** EXERCISE BRIEF **
For this exercise, return only the lines in the records below from the one holding "This is the superior" through the one holding "If you're a", including both, exactly as they appear and without pictures.

** DATASET EXCERPTS **

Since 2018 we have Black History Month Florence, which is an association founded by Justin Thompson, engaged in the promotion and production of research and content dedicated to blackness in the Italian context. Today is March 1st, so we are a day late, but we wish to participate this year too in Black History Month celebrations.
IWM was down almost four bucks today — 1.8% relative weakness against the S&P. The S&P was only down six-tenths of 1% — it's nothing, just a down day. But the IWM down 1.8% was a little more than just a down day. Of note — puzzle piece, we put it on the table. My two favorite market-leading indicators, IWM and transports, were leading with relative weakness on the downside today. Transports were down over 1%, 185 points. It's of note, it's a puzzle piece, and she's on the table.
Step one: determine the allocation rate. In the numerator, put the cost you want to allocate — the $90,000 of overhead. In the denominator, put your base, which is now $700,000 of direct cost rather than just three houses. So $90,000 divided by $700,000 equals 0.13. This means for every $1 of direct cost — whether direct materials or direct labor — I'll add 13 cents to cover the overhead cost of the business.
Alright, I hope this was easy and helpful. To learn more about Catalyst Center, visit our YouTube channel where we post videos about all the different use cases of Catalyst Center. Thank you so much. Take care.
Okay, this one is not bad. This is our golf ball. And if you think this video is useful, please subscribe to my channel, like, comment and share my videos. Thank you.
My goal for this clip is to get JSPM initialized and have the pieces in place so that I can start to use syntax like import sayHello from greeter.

---

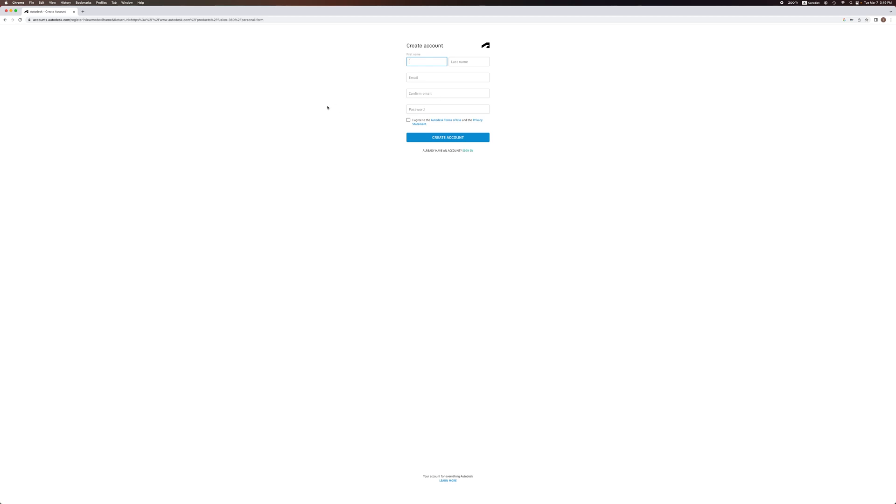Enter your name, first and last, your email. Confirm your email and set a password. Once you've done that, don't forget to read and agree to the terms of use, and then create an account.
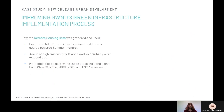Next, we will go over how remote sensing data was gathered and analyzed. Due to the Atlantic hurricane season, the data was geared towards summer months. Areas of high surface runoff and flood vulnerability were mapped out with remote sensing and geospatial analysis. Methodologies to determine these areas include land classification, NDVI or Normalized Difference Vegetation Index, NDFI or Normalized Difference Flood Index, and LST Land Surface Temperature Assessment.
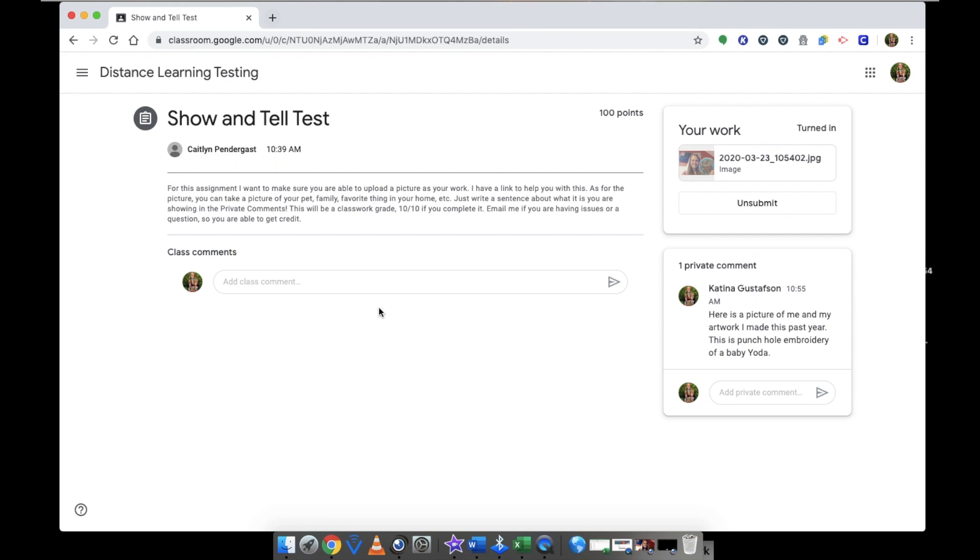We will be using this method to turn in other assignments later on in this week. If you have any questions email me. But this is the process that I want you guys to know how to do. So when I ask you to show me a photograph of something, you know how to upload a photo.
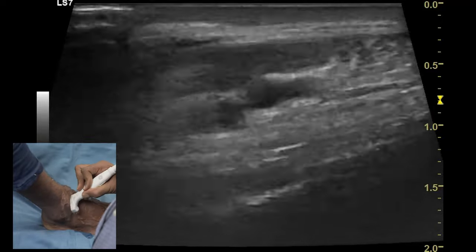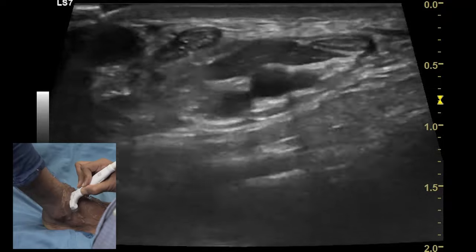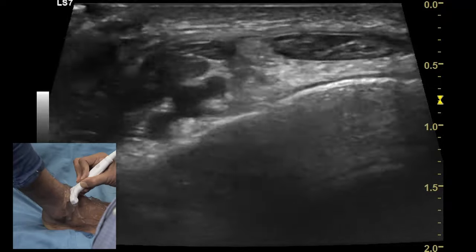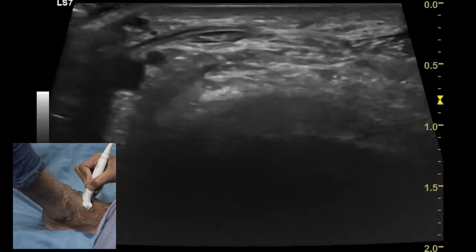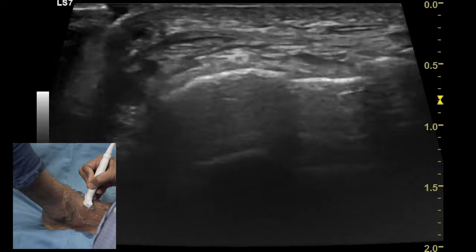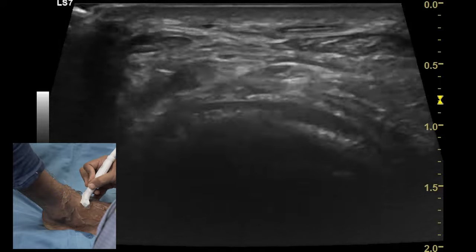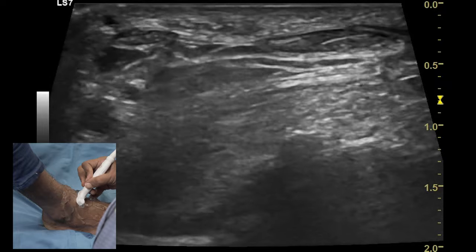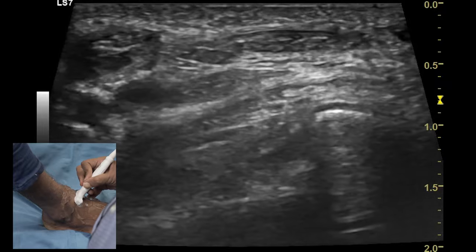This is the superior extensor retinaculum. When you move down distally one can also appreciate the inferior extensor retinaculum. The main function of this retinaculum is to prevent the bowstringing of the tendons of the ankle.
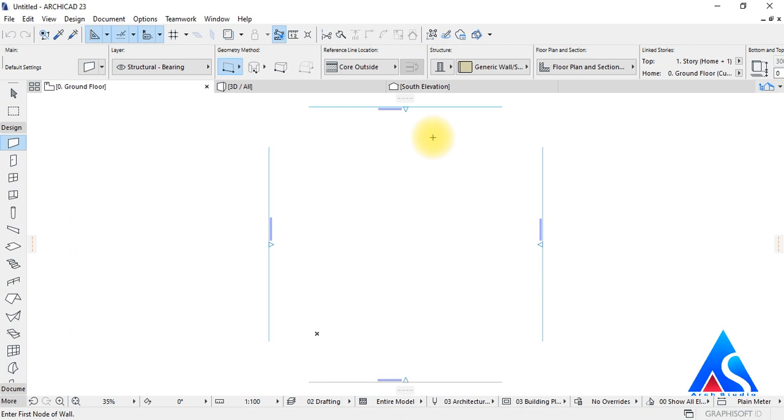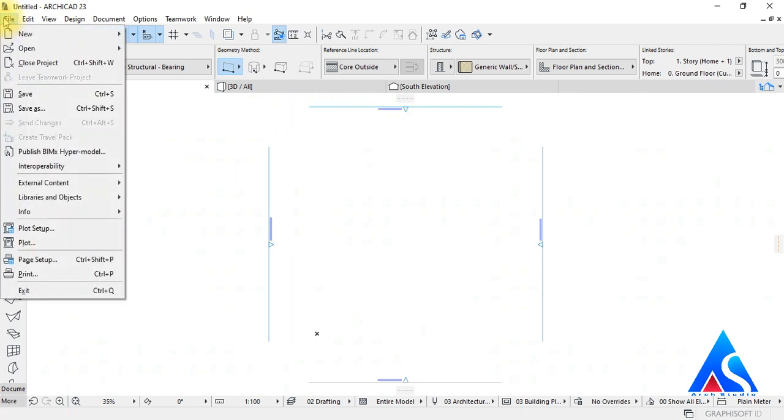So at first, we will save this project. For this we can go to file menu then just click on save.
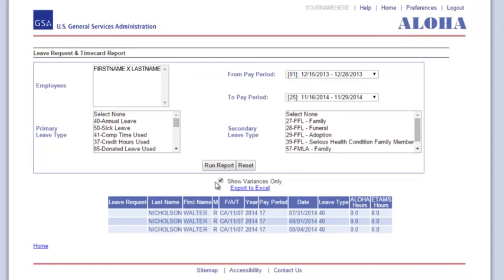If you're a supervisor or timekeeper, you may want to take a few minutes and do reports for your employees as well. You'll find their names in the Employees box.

---

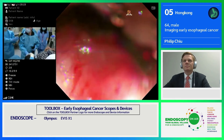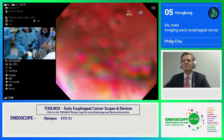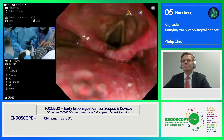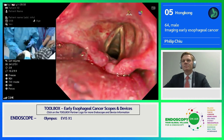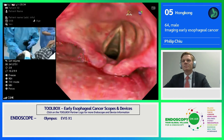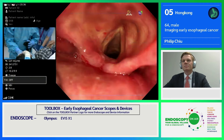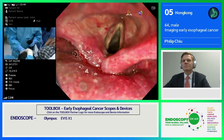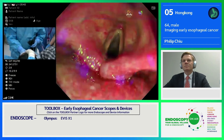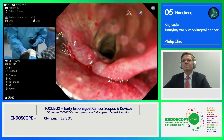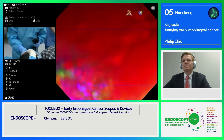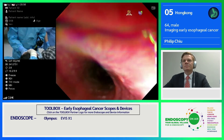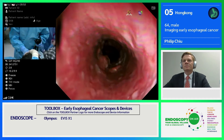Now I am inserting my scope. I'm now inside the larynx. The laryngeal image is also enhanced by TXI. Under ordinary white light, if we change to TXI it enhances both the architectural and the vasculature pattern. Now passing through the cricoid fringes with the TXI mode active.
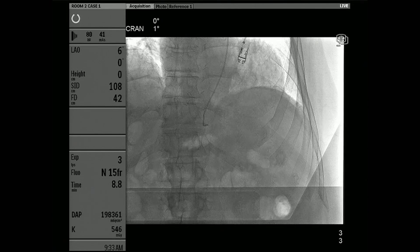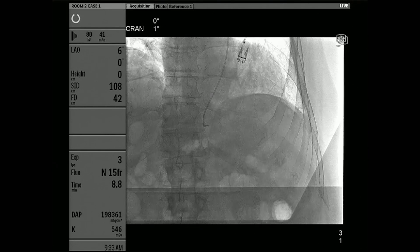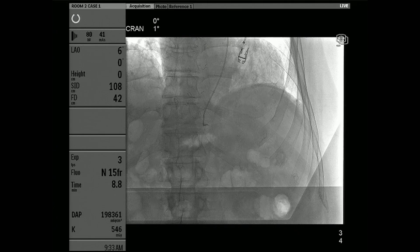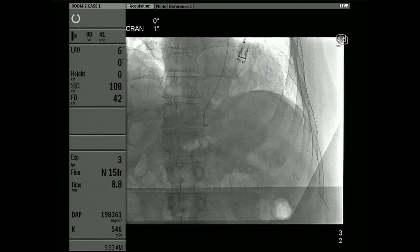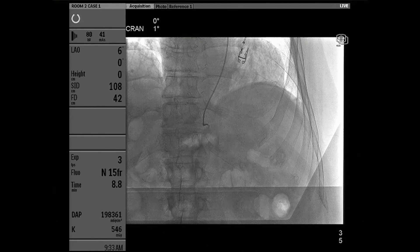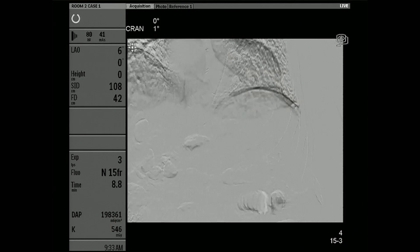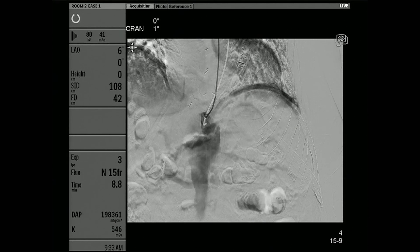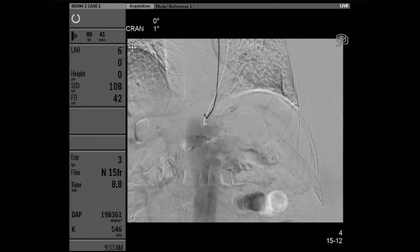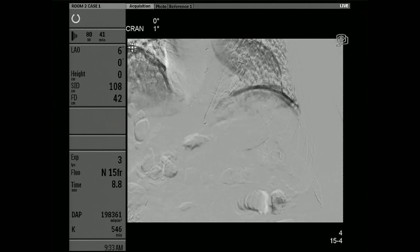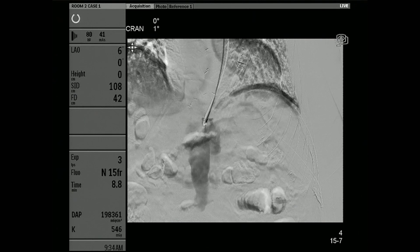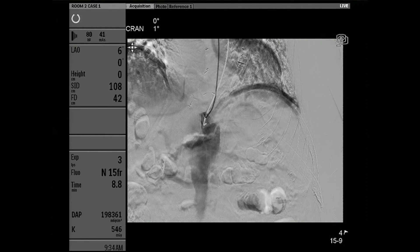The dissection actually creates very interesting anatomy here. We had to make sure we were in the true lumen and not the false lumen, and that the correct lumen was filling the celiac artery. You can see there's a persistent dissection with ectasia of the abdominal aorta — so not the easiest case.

** EXPECTED ANSWER **
This is the superior extensor retinaculum. When you move down distally one can also appreciate the inferior extensor retinaculum. The main function of this retinaculum is to prevent the bowstringing of the tendons of the ankle.
So at first, we will save this project. For this we can go to file menu then just click on save.
If you're a supervisor or timekeeper, you may want to take a few minutes and do reports for your employees as well. You'll find their names in the Employees box.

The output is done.